§ **Supplied material**:

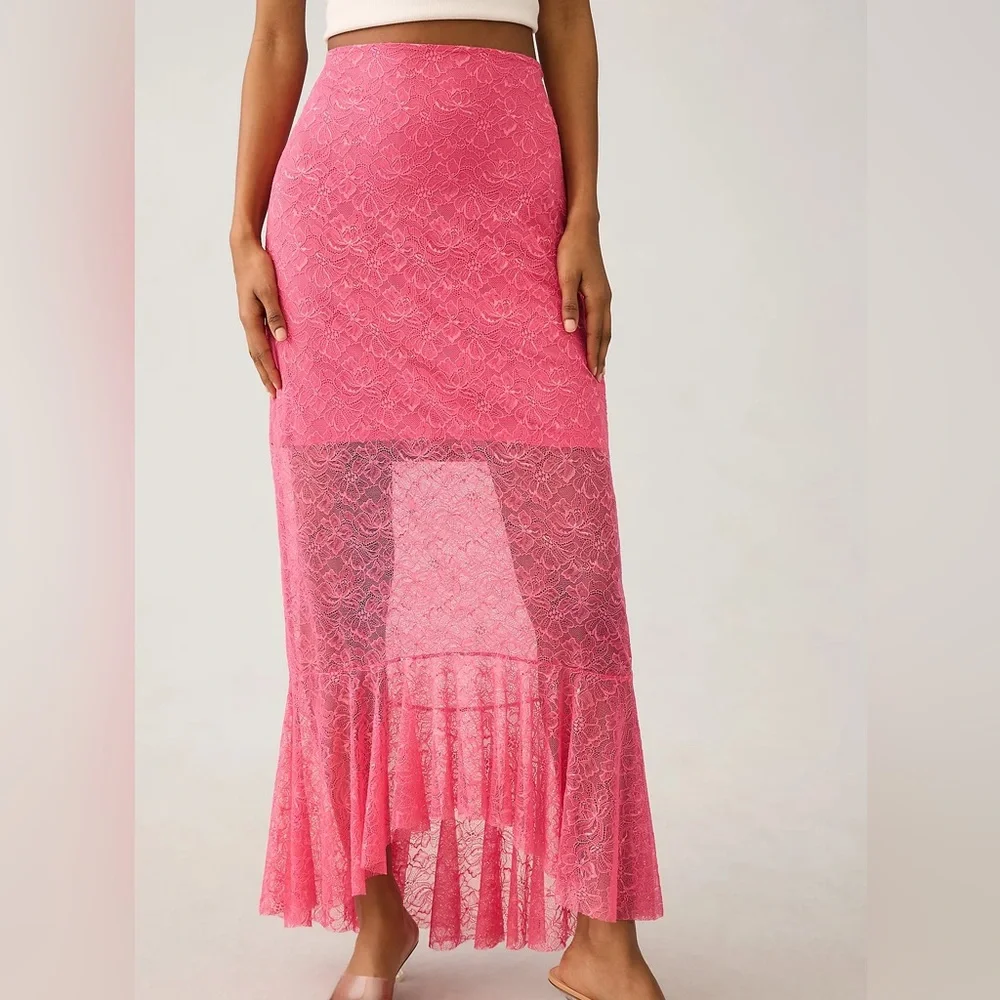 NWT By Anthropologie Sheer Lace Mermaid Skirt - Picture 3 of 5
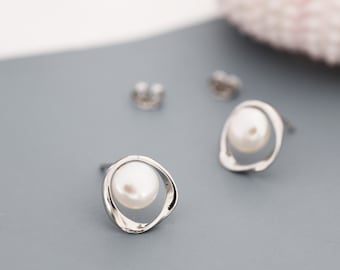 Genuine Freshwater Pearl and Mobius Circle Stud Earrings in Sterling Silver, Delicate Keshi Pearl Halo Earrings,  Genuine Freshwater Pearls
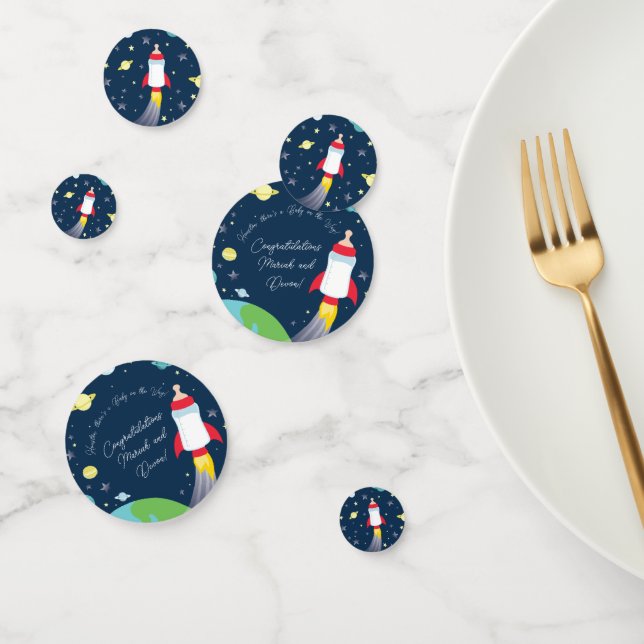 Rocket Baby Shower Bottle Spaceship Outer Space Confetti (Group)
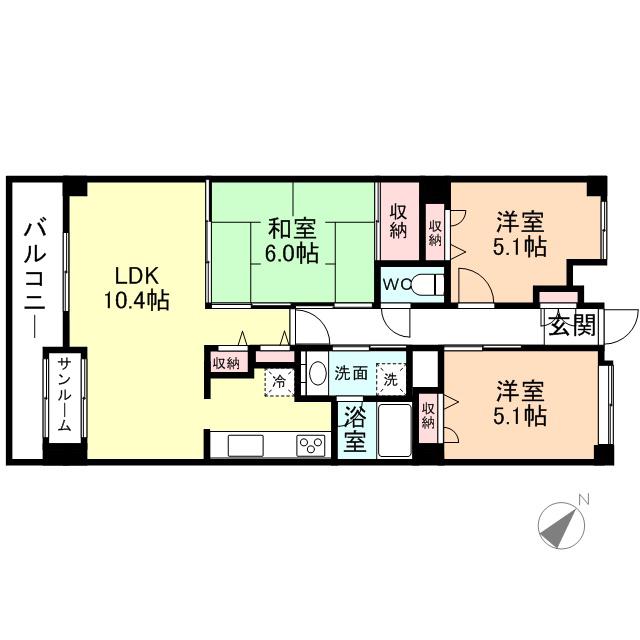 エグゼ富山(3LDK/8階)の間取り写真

§ **Task instructions**:
Make an exact copy of all the material, but keep the pictures out of it.

§ **Result**:
 NWT By Anthropologie Sheer Lace Mermaid Skirt - Picture 3 of 5
 Genuine Freshwater Pearl and Mobius Circle Stud Earrings in Sterling Silver, Delicate Keshi Pearl Halo Earrings,  Genuine Freshwater Pearls
 Rocket Baby Shower Bottle Spaceship Outer Space Confetti (Group)
 エグゼ富山(3LDK/8階)の間取り写真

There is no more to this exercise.